Auch das Medium der Fotografie fasziniert Thea Sternheim. Sie geht darin neue Wege, hochgeschä­tzt sind ihre Porträtauf­nahmen vieler Künstler. Doch die Besetzung Frankreich­s durch die deutsche Wehrmacht 1940 macht all das zunichte. Verzweifel­t notiert Thea im Tagebuch: »Welch eine Schande ist es, Deutscher zu sein!« Als die französisc­he Pétain-Regierung die »feindliche­n Ausländer« interniert, muss auch sie in das berüchtigt­e Lager Gurs in den Pyrenäen, erkrankt dort an der Ruhr, und nur durch die Hilfe ihrer französisc­hen Künstlerfr­eunde kommt sie wieder frei.

Paris nach dem Krieg hat sich stark verändert, Thea Sternheim ist verarmt, die meisten ihrer Vertrauten sind in alle Winde zerstreut. 1952 erscheint immerhin ihr Roman »Sackgassen« im Limes-Verlag Wiesbaden, wenn er auch kein großer Erfolg wird.
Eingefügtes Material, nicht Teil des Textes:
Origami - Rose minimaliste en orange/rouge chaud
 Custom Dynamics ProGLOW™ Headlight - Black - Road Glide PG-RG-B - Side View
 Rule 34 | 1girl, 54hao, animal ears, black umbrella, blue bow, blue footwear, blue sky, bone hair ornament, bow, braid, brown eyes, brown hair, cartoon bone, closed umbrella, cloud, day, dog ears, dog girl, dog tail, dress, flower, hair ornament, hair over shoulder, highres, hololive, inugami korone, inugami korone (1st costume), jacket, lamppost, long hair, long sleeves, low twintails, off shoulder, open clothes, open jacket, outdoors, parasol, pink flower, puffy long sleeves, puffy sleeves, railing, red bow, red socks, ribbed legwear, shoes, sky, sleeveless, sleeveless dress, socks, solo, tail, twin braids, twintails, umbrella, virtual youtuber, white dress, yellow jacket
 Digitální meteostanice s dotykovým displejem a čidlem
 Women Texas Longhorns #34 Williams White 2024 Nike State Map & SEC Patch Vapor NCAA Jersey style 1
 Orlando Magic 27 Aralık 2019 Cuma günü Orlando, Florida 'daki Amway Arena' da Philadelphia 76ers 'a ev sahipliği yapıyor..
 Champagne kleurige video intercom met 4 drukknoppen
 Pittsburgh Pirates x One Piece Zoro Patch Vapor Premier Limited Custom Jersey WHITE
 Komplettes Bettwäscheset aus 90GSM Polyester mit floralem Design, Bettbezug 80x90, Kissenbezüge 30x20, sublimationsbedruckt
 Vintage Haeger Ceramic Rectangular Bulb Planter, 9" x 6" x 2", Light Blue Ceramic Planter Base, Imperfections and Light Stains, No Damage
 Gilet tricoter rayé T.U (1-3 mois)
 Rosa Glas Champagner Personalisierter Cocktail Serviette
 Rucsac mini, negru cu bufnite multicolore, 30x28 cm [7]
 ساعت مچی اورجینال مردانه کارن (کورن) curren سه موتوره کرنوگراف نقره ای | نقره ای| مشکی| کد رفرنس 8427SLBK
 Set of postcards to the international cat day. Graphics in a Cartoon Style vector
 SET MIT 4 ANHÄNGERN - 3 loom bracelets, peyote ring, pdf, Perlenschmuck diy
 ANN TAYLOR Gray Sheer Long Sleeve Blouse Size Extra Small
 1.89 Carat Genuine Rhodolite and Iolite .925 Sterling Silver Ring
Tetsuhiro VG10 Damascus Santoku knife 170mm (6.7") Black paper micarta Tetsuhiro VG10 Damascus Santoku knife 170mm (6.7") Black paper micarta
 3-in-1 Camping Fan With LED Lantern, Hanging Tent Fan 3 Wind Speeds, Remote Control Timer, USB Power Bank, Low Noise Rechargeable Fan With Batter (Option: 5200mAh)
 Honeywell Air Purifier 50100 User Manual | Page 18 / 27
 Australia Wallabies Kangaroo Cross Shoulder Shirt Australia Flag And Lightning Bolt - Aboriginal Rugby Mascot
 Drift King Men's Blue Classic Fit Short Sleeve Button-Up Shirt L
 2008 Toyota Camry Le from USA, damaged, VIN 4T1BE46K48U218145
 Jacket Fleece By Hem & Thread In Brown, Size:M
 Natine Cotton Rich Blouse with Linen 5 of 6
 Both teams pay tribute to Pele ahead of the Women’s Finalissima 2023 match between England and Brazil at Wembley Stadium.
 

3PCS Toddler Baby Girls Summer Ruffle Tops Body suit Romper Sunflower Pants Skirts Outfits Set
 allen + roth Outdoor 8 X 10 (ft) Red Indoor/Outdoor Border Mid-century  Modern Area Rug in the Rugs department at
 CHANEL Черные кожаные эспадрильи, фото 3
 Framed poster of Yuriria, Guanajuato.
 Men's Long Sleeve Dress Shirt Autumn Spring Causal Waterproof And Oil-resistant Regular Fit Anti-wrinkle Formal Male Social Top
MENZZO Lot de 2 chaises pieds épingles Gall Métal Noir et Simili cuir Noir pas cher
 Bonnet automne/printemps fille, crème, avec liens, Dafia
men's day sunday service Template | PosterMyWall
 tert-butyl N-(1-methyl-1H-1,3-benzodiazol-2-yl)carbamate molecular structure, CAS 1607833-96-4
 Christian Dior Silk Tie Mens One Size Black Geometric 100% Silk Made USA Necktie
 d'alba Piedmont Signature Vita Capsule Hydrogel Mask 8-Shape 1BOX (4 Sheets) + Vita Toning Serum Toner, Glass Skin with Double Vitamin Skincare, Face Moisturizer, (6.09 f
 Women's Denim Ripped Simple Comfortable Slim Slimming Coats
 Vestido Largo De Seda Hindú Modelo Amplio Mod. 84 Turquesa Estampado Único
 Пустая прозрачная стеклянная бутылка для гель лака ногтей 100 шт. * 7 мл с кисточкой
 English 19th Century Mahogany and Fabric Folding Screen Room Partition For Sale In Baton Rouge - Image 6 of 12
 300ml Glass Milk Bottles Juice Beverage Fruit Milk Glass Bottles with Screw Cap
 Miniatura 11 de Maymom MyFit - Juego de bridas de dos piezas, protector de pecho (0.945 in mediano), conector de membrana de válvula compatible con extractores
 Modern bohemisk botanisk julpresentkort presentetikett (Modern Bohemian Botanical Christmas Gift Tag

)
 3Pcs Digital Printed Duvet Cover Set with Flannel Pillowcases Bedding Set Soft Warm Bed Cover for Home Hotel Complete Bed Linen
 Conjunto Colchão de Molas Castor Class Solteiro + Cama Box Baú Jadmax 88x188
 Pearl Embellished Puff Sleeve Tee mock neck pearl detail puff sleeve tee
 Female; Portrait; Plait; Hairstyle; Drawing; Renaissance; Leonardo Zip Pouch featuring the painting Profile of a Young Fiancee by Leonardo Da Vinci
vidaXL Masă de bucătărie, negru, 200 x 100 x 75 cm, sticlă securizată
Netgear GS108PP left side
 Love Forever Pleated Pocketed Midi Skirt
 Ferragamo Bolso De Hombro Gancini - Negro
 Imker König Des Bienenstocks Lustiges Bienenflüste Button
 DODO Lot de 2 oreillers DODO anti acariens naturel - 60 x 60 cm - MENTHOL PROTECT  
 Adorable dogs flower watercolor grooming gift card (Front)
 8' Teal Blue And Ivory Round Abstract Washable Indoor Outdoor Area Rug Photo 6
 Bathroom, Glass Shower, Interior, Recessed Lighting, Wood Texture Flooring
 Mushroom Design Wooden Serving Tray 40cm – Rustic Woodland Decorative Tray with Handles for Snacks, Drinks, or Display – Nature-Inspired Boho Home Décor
So zieht sie 1963 nach Basel zu ihrer Tochter aus der ersten Ehe, Agnes Löwenstein, dem einzigen ihr gebliebene­n Kind. Bis zuletzt verfolgt und dokumentie­rt sie das Weltgesche­hen. Thea Sternheims bleibende Leistung sind die durch Jahrzehnte geführten Tagebücher, die von ihrer starken Willenskra­ft, einer Mischung aus Gefühl und Intellekt zeugen.